[RECORDS FOR PROCESSING Boundary: Start]

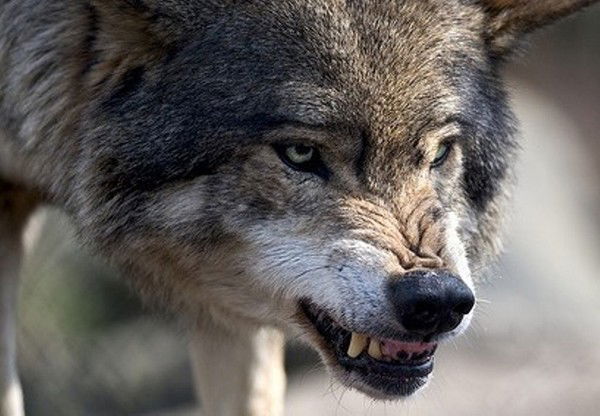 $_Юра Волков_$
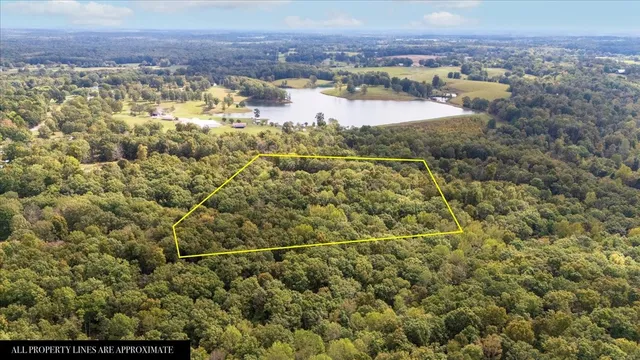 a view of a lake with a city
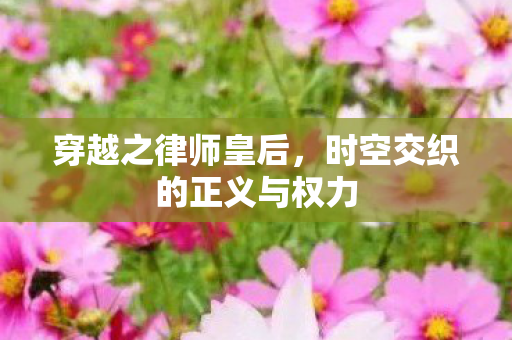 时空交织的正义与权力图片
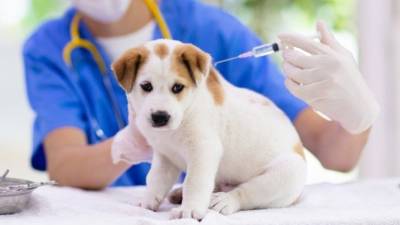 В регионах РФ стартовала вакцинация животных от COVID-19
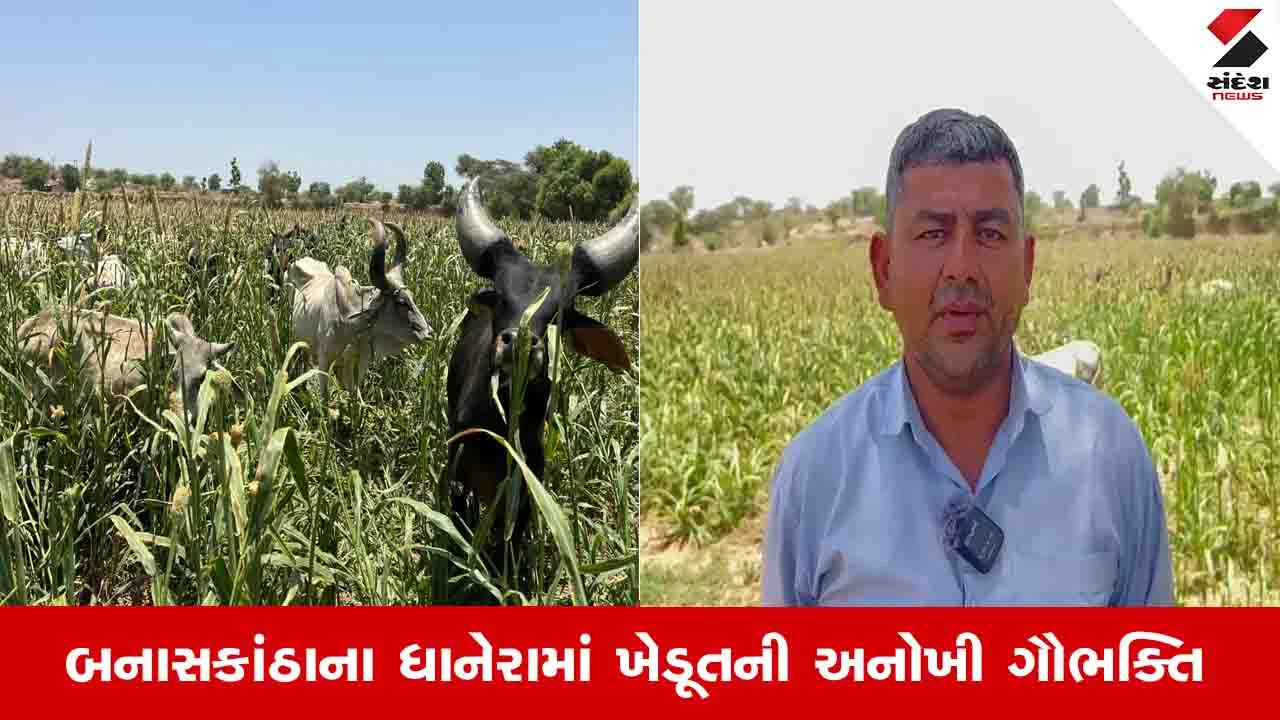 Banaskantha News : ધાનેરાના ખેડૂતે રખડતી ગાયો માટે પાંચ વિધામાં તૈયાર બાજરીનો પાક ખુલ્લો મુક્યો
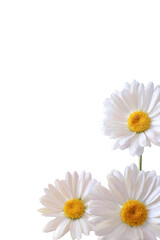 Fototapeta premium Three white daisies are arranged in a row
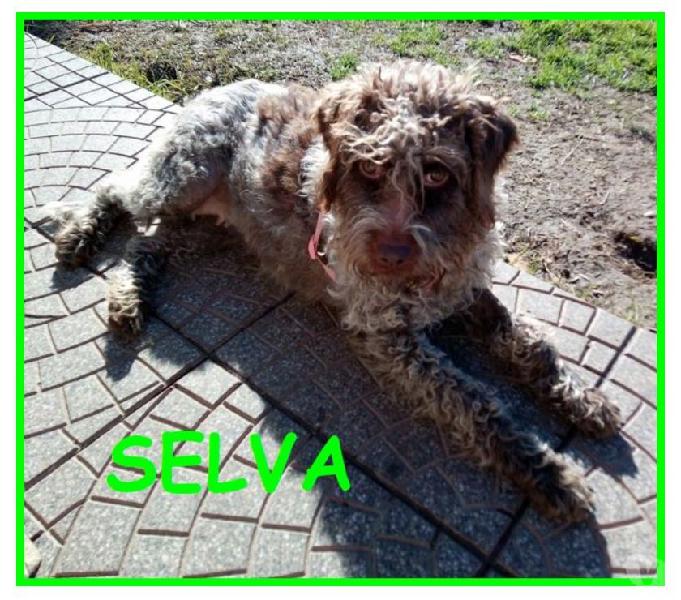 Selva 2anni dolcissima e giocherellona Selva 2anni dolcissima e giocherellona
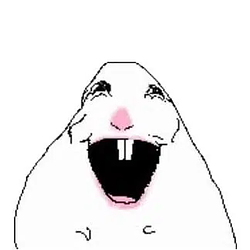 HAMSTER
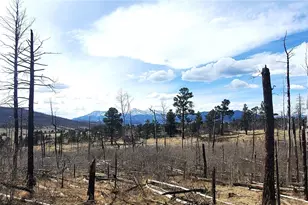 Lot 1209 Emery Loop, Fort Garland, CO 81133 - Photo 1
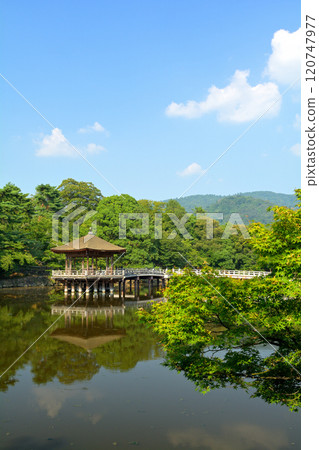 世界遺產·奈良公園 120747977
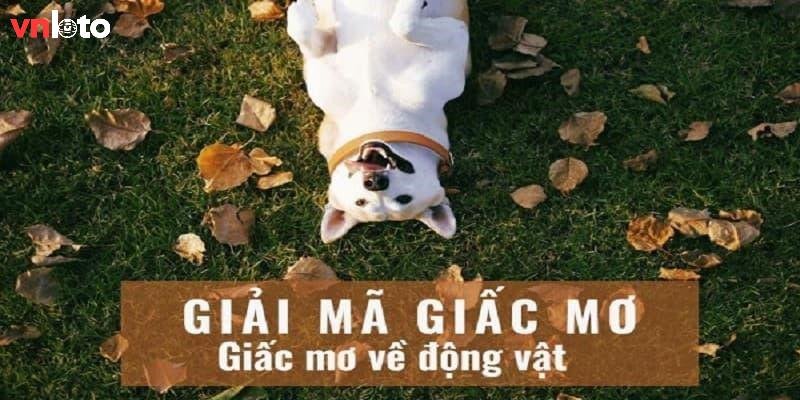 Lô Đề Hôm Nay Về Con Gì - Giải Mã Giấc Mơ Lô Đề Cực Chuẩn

[RECORDS FOR PROCESSING Boundary: End]

From the line containing "В регионах РФ" to the last line of the material, every line is to be reproduced exactly. No picture belongs in the copy.

 В регионах РФ стартовала вакцинация животных от COVID-19
 Banaskantha News : ધાનેરાના ખેડૂતે રખડતી ગાયો માટે પાંચ વિધામાં તૈયાર બાજરીનો પાક ખુલ્લો મુક્યો
 Fototapeta premium Three white daisies are arranged in a row
 Selva 2anni dolcissima e giocherellona Selva 2anni dolcissima e giocherellona
 HAMSTER
 Lot 1209 Emery Loop, Fort Garland, CO 81133 - Photo 1
 世界遺產·奈良公園 120747977
 Lô Đề Hôm Nay Về Con Gì - Giải Mã Giấc Mơ Lô Đề Cực Chuẩn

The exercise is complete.